Event log strategy
October's feature on SIM entitled Get It Together correctly highlighted the fact that many tools on the market tout themselves as panaceas for compliance. The reality is that no tool could effectively address all needs across different regulations and network configurations. Yes, buyers should be wary of any tool that promises quick compliance plus laundry service, the dishes and vacuuming. Instead, they should look for tools modular enough to synthesize into whatever organizational approach is decided upon for compliance.
Also, buyers should be aware that SIM is a multi-phase process. In fact, SEM is one of those phases, or perhaps more accurately, a subset of SIM. Event logs -- not just the security log -- provide the granular data or intelligence for an effective SIM strategy. Managing these logs is itself a big job, and true log "management" should be interpreted as monitoring, collecting, auditing and reporting.

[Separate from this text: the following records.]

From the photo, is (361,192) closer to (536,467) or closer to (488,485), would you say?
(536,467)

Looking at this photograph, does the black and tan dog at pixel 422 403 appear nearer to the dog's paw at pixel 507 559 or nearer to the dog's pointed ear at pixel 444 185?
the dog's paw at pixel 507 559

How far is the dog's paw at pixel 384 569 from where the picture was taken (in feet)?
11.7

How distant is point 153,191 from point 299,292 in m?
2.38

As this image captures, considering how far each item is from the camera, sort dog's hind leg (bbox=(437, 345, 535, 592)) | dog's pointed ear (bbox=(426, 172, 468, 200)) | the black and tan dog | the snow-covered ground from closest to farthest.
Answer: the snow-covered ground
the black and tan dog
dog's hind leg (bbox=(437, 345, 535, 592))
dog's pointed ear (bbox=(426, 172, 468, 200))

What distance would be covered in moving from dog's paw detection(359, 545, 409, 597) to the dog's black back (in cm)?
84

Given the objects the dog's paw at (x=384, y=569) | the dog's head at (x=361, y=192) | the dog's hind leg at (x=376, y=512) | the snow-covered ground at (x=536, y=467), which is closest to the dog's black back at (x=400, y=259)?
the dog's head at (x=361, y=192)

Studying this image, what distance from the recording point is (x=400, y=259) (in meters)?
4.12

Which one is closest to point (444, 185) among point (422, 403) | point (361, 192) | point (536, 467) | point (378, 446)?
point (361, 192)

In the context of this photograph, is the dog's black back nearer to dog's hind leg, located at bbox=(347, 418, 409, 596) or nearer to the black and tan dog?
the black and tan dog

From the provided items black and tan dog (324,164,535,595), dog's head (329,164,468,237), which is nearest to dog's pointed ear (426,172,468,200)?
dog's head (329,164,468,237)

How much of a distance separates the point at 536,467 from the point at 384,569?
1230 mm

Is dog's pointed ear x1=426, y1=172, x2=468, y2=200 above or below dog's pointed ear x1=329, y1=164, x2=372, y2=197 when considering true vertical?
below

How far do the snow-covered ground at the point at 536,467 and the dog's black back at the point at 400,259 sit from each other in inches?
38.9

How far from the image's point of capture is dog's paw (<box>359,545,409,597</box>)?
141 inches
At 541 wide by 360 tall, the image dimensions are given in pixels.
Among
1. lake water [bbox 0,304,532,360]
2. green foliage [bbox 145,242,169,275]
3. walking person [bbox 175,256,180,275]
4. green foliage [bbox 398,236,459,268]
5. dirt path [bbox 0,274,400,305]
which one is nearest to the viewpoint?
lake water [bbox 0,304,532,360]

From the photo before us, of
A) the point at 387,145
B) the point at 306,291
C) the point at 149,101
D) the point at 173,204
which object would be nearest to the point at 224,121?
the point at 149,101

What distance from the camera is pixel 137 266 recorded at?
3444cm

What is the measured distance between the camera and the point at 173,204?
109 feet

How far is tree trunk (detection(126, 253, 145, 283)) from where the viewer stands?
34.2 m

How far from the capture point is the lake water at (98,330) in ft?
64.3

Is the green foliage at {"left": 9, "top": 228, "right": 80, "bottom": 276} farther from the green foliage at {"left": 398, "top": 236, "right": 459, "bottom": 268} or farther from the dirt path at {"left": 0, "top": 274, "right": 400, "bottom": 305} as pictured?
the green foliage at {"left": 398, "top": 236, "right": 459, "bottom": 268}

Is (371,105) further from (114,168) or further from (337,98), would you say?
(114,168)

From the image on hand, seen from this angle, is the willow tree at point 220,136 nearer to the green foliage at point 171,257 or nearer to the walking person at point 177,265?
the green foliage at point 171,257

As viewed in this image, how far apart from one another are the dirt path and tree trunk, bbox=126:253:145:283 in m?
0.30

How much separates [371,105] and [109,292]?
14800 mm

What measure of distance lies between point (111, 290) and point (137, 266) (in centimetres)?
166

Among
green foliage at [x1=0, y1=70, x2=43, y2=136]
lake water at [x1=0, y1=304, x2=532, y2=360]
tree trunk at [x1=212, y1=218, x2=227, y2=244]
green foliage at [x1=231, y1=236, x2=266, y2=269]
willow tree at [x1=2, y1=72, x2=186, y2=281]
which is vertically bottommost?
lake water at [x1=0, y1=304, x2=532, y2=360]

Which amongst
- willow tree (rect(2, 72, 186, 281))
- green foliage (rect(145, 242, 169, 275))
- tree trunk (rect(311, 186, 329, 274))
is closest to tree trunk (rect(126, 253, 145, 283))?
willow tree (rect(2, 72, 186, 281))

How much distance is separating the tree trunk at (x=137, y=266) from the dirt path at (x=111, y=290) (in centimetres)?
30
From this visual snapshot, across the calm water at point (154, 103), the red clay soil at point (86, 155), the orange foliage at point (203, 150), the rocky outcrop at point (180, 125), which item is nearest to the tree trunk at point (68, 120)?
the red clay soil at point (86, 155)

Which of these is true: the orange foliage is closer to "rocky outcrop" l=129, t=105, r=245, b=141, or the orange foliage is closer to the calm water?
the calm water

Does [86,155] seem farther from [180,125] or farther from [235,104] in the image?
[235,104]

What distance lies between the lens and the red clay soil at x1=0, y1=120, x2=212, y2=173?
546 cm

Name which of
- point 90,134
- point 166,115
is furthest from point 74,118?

Only when the data is interpreted and a security incident defined or identified can that incident be correctly managed.
Event Archiver, a component of such a management strategy, was inaccurately named in the article as a tool that "track[s] changes made to Microsoft Windows' Active Directory user-profile service." Event Archiver is instead a tool that collects and centralizes log data for future auditing and reporting purposes. Acting alongside our Event Alarm and Event Analyst tools, both event logs and syslogs can be collected, reported against and used for response to and management of security incidents.

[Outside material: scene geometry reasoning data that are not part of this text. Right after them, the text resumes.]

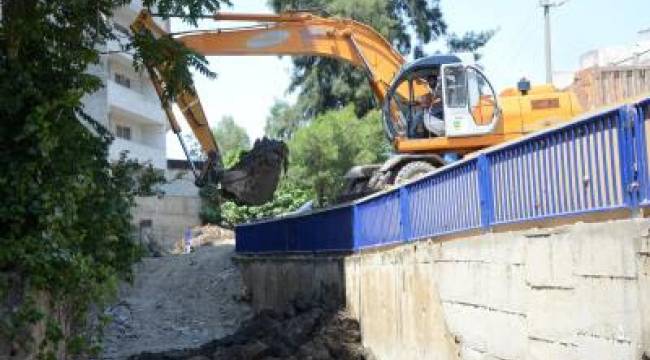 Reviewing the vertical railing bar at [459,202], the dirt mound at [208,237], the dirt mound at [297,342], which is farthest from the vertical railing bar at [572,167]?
the dirt mound at [208,237]

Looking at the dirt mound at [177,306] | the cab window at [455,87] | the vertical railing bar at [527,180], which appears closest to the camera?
the vertical railing bar at [527,180]

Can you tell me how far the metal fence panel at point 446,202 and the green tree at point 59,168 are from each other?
10.3 feet

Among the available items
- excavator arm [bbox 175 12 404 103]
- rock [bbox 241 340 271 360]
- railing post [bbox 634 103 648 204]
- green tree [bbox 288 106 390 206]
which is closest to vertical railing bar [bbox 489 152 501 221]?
railing post [bbox 634 103 648 204]

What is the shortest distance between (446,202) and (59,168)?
4850 mm

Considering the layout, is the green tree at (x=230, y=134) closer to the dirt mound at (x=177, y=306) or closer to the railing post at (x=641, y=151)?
the dirt mound at (x=177, y=306)

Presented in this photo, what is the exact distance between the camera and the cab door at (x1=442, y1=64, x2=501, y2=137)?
16266 millimetres

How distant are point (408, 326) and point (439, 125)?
609 cm

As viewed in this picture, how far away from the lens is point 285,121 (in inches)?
1813

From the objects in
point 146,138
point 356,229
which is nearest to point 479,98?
point 356,229

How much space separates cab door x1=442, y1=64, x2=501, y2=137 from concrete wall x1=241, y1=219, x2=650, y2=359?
344cm

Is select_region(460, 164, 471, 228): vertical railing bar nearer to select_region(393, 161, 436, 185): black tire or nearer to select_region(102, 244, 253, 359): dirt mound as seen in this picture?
select_region(393, 161, 436, 185): black tire

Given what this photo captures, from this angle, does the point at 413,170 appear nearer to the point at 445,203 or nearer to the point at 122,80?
the point at 445,203

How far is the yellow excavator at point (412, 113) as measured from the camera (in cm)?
1619

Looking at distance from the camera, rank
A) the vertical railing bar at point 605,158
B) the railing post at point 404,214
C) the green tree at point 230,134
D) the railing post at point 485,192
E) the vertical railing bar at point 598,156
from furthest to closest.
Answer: the green tree at point 230,134, the railing post at point 404,214, the railing post at point 485,192, the vertical railing bar at point 598,156, the vertical railing bar at point 605,158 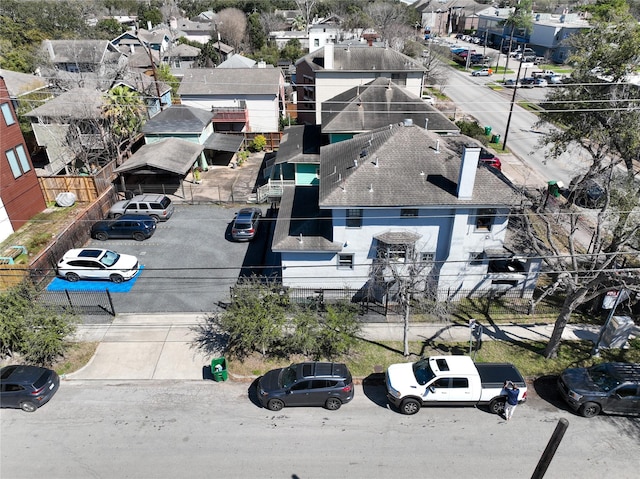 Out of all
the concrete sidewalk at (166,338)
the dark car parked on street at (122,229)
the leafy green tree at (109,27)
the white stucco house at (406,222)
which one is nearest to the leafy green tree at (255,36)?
the leafy green tree at (109,27)

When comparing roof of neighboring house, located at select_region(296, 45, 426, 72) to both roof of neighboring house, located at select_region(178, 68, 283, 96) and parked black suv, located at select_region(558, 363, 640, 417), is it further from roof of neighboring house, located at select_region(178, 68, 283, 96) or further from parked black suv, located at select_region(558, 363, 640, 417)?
parked black suv, located at select_region(558, 363, 640, 417)

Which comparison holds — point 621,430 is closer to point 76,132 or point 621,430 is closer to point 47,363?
point 47,363

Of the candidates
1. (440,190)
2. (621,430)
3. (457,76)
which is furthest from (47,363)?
(457,76)

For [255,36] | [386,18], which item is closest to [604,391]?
[255,36]

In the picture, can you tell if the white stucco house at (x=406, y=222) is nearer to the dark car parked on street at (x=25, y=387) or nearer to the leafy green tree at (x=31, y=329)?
the leafy green tree at (x=31, y=329)

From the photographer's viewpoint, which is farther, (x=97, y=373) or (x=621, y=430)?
(x=97, y=373)

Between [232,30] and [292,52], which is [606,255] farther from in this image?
[232,30] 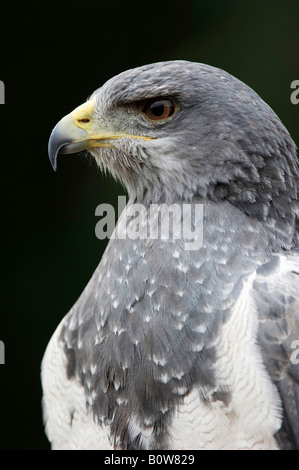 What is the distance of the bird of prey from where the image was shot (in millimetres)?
2252

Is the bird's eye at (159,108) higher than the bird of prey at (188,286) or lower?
higher

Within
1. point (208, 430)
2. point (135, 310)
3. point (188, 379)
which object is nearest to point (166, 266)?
point (135, 310)

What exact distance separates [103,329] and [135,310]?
16 cm

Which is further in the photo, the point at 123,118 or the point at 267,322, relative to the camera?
the point at 123,118

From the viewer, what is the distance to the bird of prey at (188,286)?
2.25 m

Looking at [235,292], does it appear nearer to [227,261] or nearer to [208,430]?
[227,261]

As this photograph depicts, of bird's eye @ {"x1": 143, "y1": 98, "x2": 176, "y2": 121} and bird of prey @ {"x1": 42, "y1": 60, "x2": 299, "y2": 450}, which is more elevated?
bird's eye @ {"x1": 143, "y1": 98, "x2": 176, "y2": 121}

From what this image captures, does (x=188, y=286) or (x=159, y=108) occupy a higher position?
(x=159, y=108)

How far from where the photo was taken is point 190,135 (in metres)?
2.50

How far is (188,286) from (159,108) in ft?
2.07

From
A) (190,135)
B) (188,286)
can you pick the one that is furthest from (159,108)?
(188,286)

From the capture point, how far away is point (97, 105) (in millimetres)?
2643

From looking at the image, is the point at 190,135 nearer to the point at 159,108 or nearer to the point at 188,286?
the point at 159,108

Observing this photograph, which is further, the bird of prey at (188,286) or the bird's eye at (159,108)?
the bird's eye at (159,108) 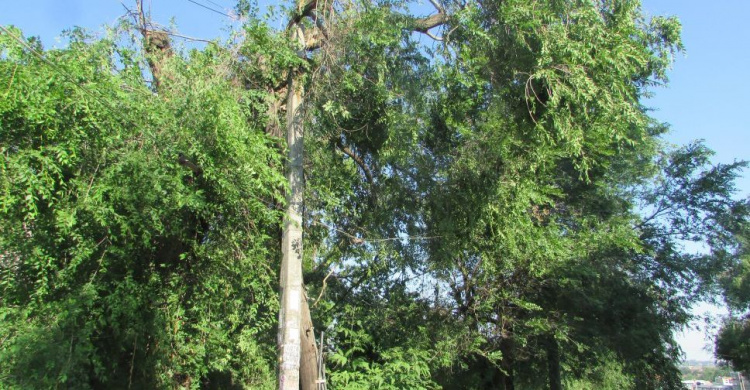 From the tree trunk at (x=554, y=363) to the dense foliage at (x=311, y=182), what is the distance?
1.83 metres

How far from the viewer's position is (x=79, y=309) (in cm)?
660

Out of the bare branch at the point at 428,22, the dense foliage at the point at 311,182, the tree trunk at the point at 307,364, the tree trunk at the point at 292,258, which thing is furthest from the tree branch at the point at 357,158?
the tree trunk at the point at 307,364

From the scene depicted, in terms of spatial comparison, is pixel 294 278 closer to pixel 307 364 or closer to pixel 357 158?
pixel 307 364

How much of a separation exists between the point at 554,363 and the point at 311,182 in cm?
1051

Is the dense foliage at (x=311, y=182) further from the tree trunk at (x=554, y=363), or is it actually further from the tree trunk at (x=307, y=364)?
the tree trunk at (x=554, y=363)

Robert A. Milford, chief software architect, Dorian Software Creations, Inc.
Need credit fraud plan
I read your October issue and very much enjoyed the article, Tactics, strategy and the CSO. Davidson made some excellent points about perimeter defense. There is no "in" or "out" anymore, and anyone who places complete faith in them does so at their own peril. If you question this statement then read "Zotob's Day" or "Taking the pain out of patching." If firewalls and perimeter security are so effective then why is there a mad rush to patch internal network servers when vulnerabilities come out? The perimeter is very permeable and declining in its effectiveness.
I then read your cover story, How Visa made a safer internet. The first of their 12 commandments is "Install and maintain a firewall configuration," with the rest having to do with policy and enforcement. Am I missing something here? VISA is essentially saying, "Stay the course and continue to rely on technology which is clearly being shown to be declining in its effectiveness."
This is just my opinion, but it is ridiculous to put VISA or any other credit card company on a pedestal as being forward thinking as far as security is concerned. Although the credit card industry more or less dismisses fraud statistics based on the small percentage of total transactions it represents, it's still a very large number. What is the correlation between credit card fraud and identity theft? Which came first?
Fraud has been brewing and growing for sometime now and the credit card industry has had an enormous amount of time to come up with an effective plan to combat it. Yet it takes Card Systems to jolt them, and what do they come up with, "maintain a firewall configuration." The credit card companies don't necessarily try to stop fraud; they just try to stop it as quickly as possible once it has started.
Lance Edelman, ceo, Identity Verification Systems
Portability breeds leaks
Remote working is a reality. Taking files home has also become commonplace. This is potentially great news for productivity, but raises a number of serious security issues. There has been much talk in the press of data theft within companies. Frequently untraceable, it has often been attributed to the downloading of corporate files onto portable media devices.
Therefore, in the area of home working -- the transfer of data in and out of the corporate network -- there are significant flaws. Over two million home workers could equate to over two million corporate information leaks. It is vital that firms have a policy to control, access and manage devices, particularly for those users who work from home.
By implementing a concrete set of guidelines, businesses can take advantage of the home working revolution and avoid any potential security disaster.
Matt Fisher, vp, EMEA, Centennial Software Ltd.
In your October issue, the mobile encryption product group test seems to take as a given that a third party product is both necessary and adequate to secure the data held on a laptop. The test report devotes little to the level of protection afforded by the product or needed by the user.
Windows XP Pro includes the integral Encrypted File System feature. is your tester's view that it would not be as secure as the reviewed products - if so, on what basis?
How owould the reviewed products rate against EFS as a baseline - twice as secure, a hundred times as secure, etc?